[Short descriptive text snippets]
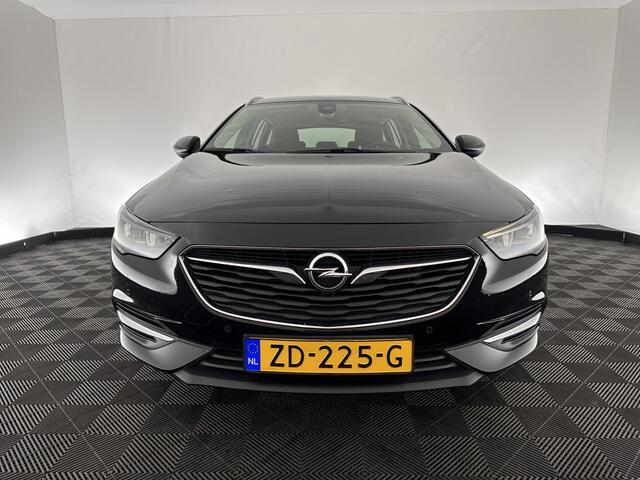 Opel INSIGNIA Sports Tourer 1.5 Turbo Business Executive Aut. *NAVI-FULLMAP | 1/2LEATHER | KEYLESS | DAB+ | COMFORT-SEATS | 18''ALU | ECC | PDC | CRUISE*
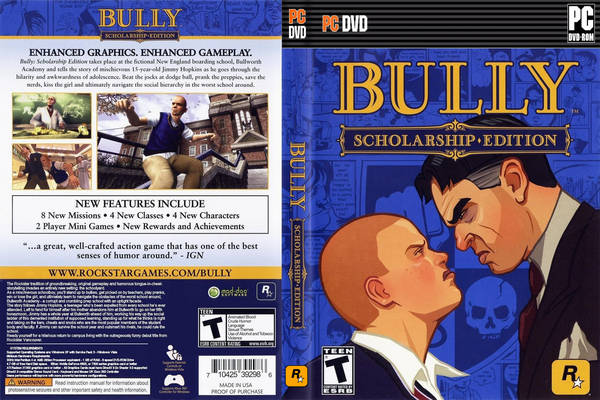 bully scholarship pc game download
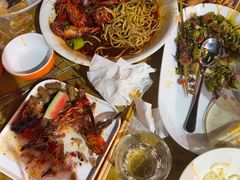 -杨氏青龙虾·羊蝎子(托乐嘉店)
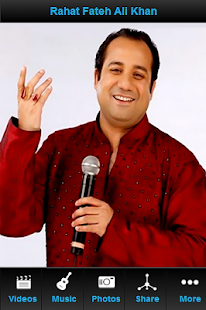 Rahat Fateh Ali Khan Star Fan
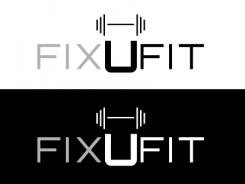 Logo # 697360 voor Uitdaging! Stoer, netjes, duidelijk & professioneel FixUFit logo wedstrijd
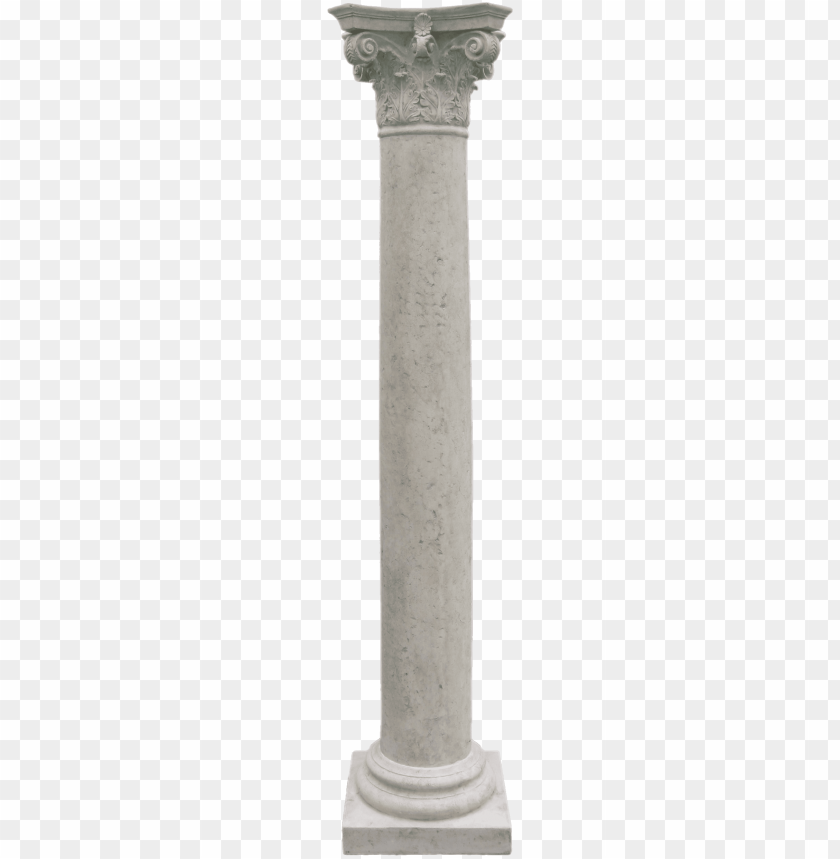 Detail Column Transparent Background Nomer 3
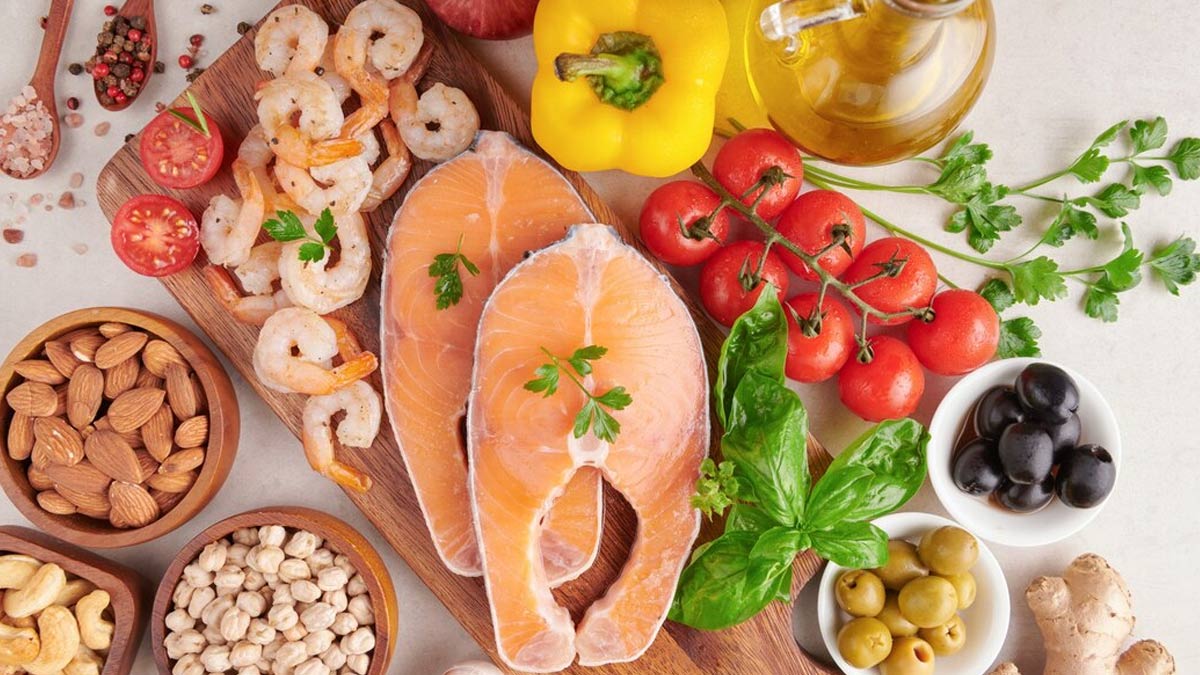 Omega-3 Fatty Acids To Manage Pulmonary Fibrosis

### Task statement
Retype the line containing "Logo # 697360" and each line after it through the last line of the entries above, exactly, with no pictures and nothing else.

### Response for this exercise
 Logo # 697360 voor Uitdaging! Stoer, netjes, duidelijk & professioneel FixUFit logo wedstrijd
 Detail Column Transparent Background Nomer 3
 Omega-3 Fatty Acids To Manage Pulmonary Fibrosis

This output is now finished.